#### Action item
Take the entries that follow and return exactly the lines from the one holding "Elden ring logo" through the one holding "Women's Fair Isle", both included. Nothing else is needed.

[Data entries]
******************************

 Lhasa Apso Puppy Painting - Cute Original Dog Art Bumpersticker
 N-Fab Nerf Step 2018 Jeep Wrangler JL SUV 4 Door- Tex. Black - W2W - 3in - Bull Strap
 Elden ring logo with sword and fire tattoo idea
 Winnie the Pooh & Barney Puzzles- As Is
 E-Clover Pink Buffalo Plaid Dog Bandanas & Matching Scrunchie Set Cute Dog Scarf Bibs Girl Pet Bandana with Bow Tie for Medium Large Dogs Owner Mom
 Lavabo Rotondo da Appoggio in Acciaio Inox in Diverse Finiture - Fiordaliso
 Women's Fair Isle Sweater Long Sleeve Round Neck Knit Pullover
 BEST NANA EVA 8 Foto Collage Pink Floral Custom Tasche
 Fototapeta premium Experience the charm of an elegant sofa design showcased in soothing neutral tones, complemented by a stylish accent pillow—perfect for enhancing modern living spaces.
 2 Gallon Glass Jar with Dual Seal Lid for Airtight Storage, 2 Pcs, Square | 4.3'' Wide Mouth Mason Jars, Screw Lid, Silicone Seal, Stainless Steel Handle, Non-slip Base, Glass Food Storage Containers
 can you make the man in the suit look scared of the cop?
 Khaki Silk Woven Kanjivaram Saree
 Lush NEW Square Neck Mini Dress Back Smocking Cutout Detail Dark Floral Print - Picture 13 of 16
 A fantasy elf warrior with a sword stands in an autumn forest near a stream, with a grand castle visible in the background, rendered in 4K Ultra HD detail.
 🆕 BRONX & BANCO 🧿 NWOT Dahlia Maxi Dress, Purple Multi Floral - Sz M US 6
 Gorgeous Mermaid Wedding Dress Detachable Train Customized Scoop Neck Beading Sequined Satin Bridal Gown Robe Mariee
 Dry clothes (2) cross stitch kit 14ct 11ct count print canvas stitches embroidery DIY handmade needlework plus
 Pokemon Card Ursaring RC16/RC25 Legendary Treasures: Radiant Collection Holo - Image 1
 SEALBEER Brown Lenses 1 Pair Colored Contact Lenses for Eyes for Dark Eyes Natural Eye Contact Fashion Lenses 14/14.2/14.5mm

******************************

#### Solution to the problem
 Elden ring logo with sword and fire tattoo idea
 Winnie the Pooh & Barney Puzzles- As Is
 E-Clover Pink Buffalo Plaid Dog Bandanas & Matching Scrunchie Set Cute Dog Scarf Bibs Girl Pet Bandana with Bow Tie for Medium Large Dogs Owner Mom
 Lavabo Rotondo da Appoggio in Acciaio Inox in Diverse Finiture - Fiordaliso
 Women's Fair Isle Sweater Long Sleeve Round Neck Knit Pullover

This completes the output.